The remediation of a genuinely PAH-contaminated soil was performed, for the first time, through a new and complete investigation, including PAH extraction followed by advanced oxidation treatment of the washing solution and its recirculation, and an analysis of the impact of the PAH extraction on soil respirometry. The study has been performed on the remediation of genuine PAH-contaminated soil, in the following three steps: (i) PAH extraction with soil washing (SW) techniques, (ii) PAH degradation with an electro-Fenton (EF) process, and (iii) recirculation of the partially oxidized effluent for another SW cycle. The following criteria were monitored during the successive washing cycles: PAH extraction efficiency, PAH oxidation rates and yields, extracting agent recovery, soil microbial activity, and pH of soil. Two representative extracting agents were compared: hydroxypropyl-beta-cyclodextrin (HPCD) and a non-ionic surfactant, Tween(®) 80. Six PAH with different numbers of rings were monitored: acenaphthene (ACE), phenanthrene (PHE), fluoranthene (FLA), pyrene (PYR), benzo(a)pyrene (BaP), and benzo(g,h,i)perylene (BghiP).

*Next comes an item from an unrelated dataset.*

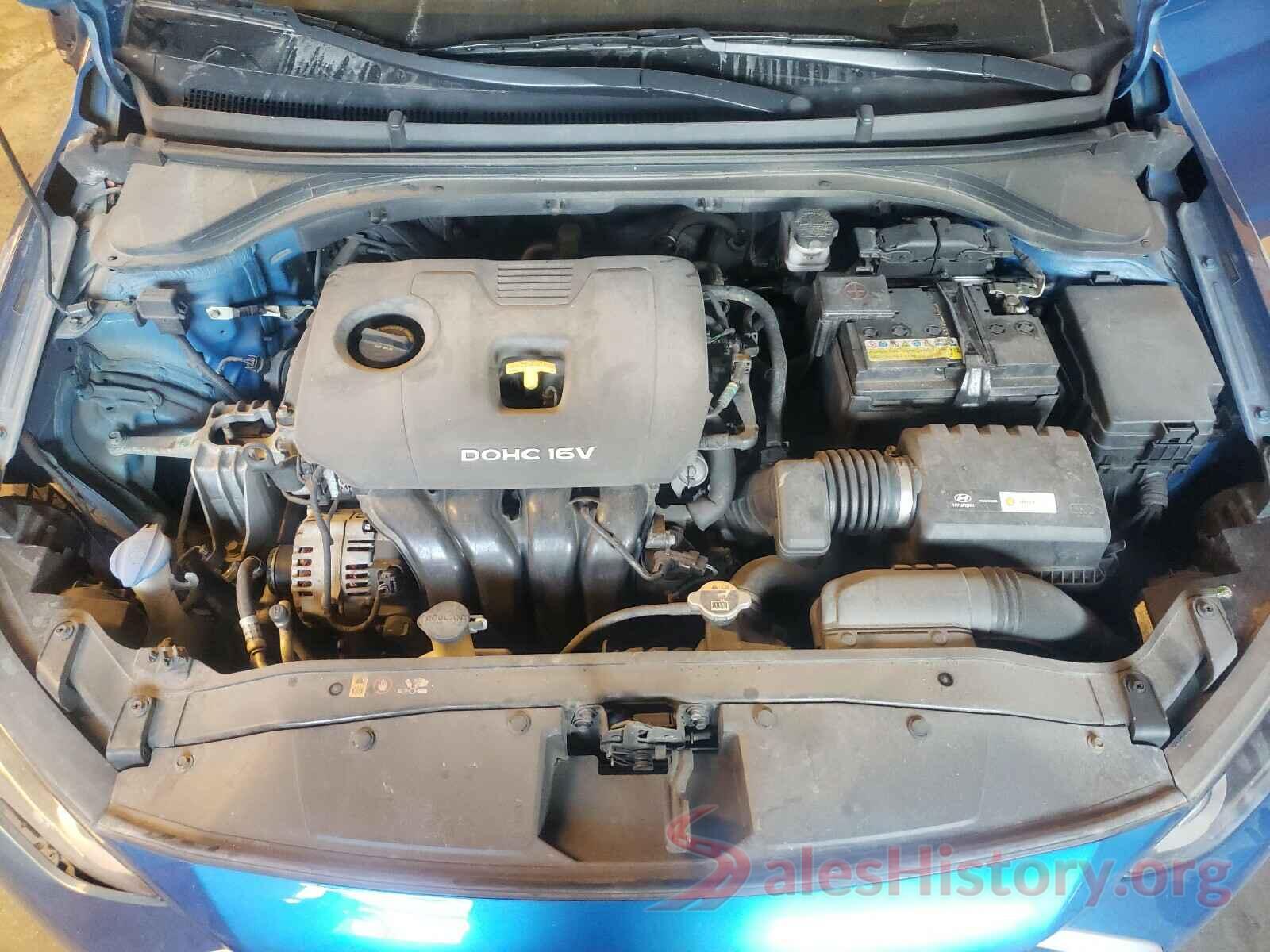 5NPD84LF1HH007295 2017 HYUNDAI ELANTRA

Tween(®) 80 showed much better PAH extraction efficiency (after several SW cycles) than HPCD, regardless of the number of washing cycles. Based on successive SW experiments, a new mathematical relation taking into account the soil/water partition coefficient (Kd*) was established, and could predict the amount of each PAH extracted by the surfactant with a good correlation with experimental results (R(2) > 0.975). More HPCD was recovered (89%) than Tween(®) 80 (79%), while the monitored pollutants were completely degraded (>99%) after 4 h and 8 h, respectively. Even after being washed with partially oxidized solutions, the Tween(®) 80 solutions extracted significantly more PAH than HPCD and promoted better soil microbial activity, with higher oxygen consumption rates. Moreover, neither the oxidation by-products nor the acidic media (pH approximately 3) of the partially oxidized solution inhibited the general soil microbial activity during the washing cycle.